| Task goal |
When you copy the records, keep every word exact and leave the pictures out.
##########
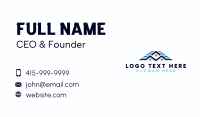 House Roofing Apartment Business Card Design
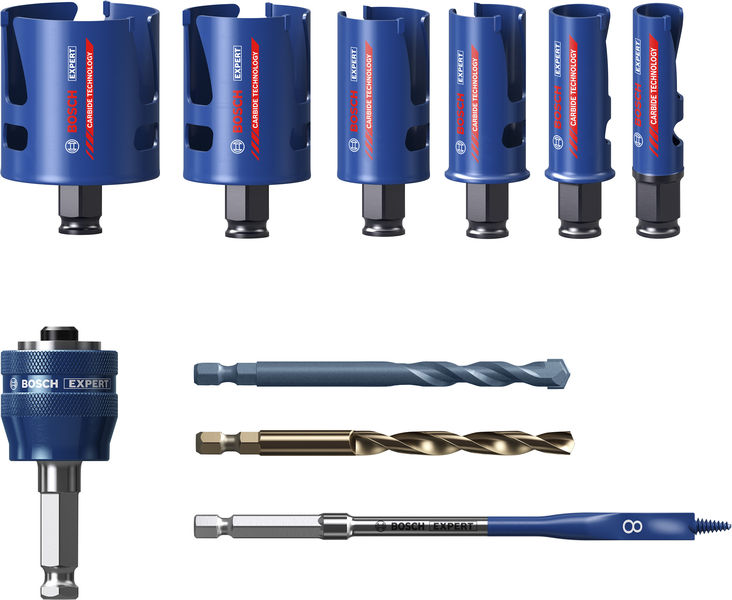 BOSCH EXPERT Construction Material Power Change Plus-Lochsägen-Set, 10-tlg. BOSCH EXPERT Construction Material Power Change Plus-Lochsägen-Set, 10-tlg.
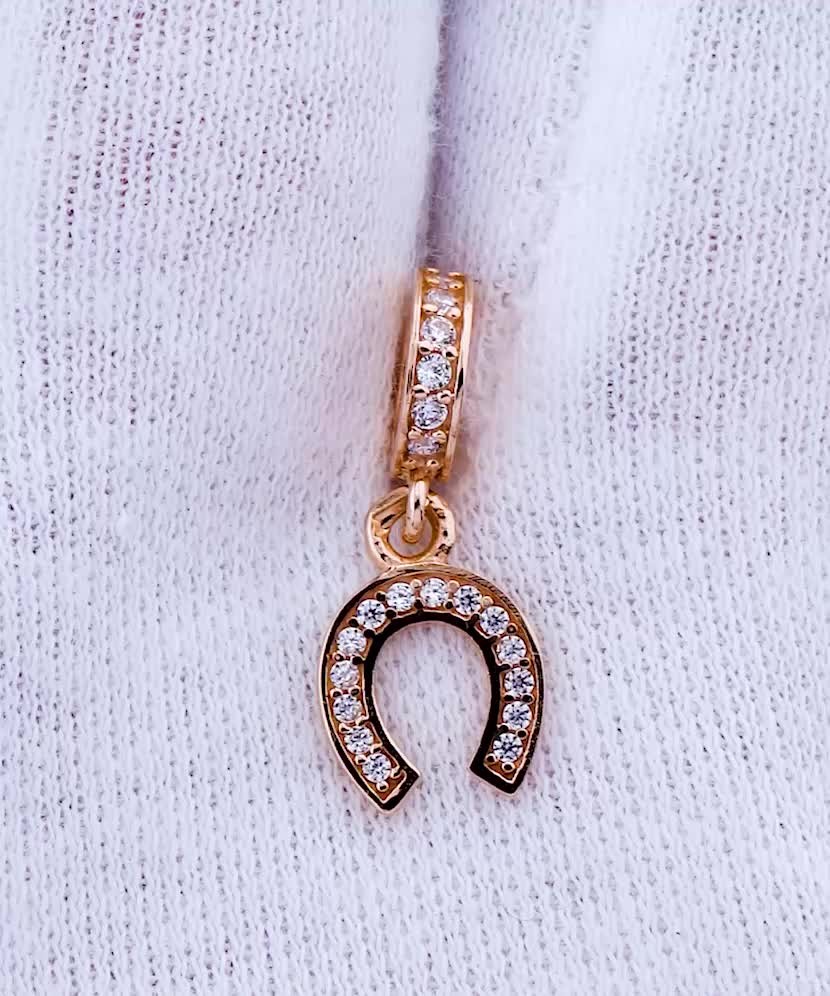 Auksinis pakabukas su cirkoniais „Pasaga“ - Auksiniai pakabukai - Goldinga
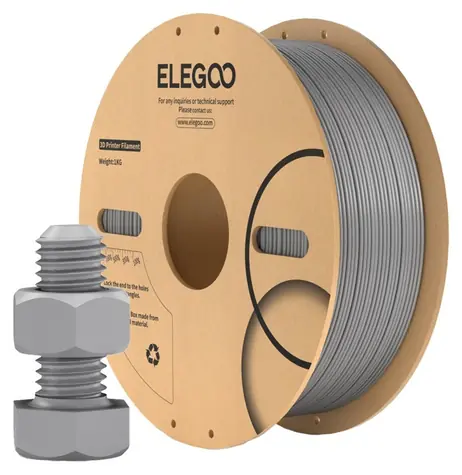 Elegoo 50.203.0644 šedá / Tisková struna / ABS / 1 kg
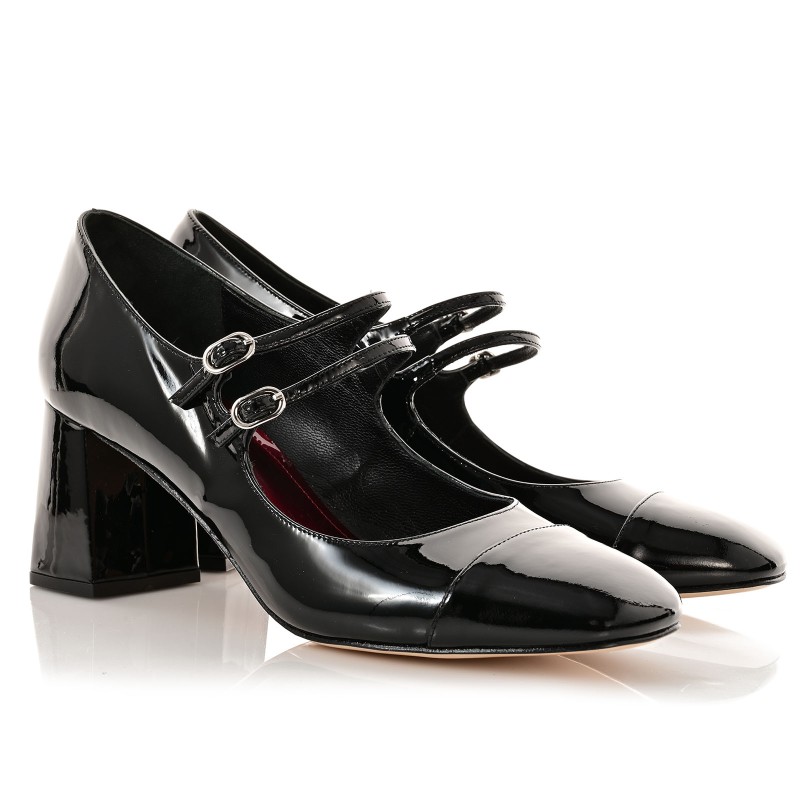 Women's Black Patent Leather Pumps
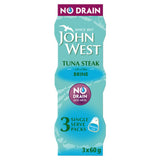 John West tuna steak with a little brine 3 x 60g, UK version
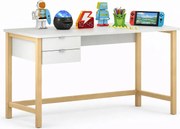 Białe małe biurko dla dziecka z szufladami Z2-F19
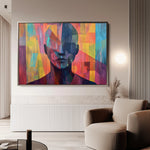 Portrait 058 Canvas Art 60 x 40 cm / Black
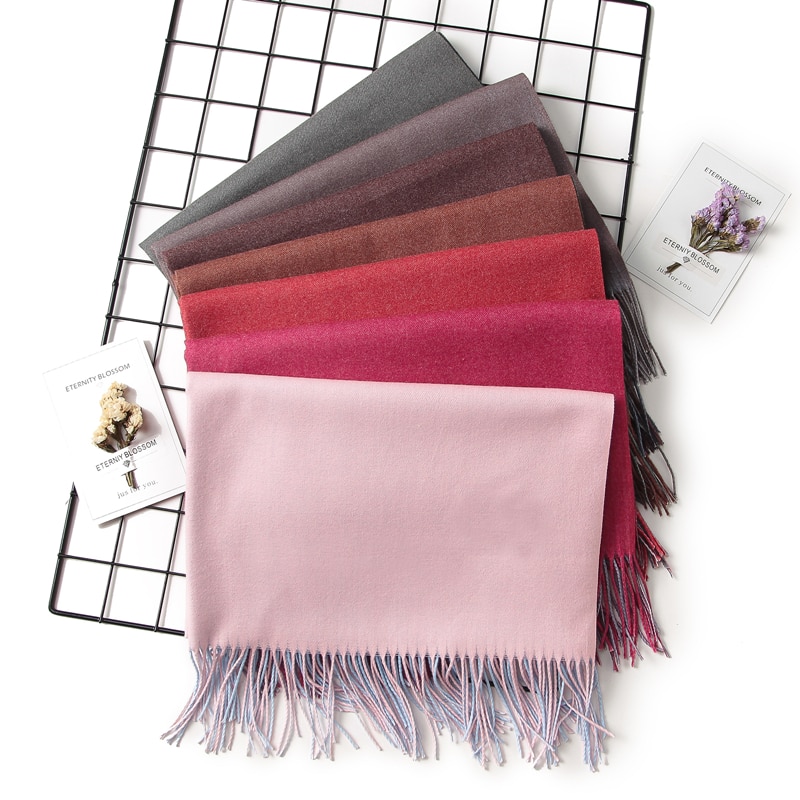 Women's Double Color Scarf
##########
| Exercise output |
 House Roofing Apartment Business Card Design
 BOSCH EXPERT Construction Material Power Change Plus-Lochsägen-Set, 10-tlg. BOSCH EXPERT Construction Material Power Change Plus-Lochsägen-Set, 10-tlg.
 Auksinis pakabukas su cirkoniais „Pasaga“ - Auksiniai pakabukai - Goldinga
 Elegoo 50.203.0644 šedá / Tisková struna / ABS / 1 kg
 Women's Black Patent Leather Pumps
 John West tuna steak with a little brine 3 x 60g, UK version
 Białe małe biurko dla dziecka z szufladami Z2-F19
 Portrait 058 Canvas Art 60 x 40 cm / Black
 Women's Double Color Scarf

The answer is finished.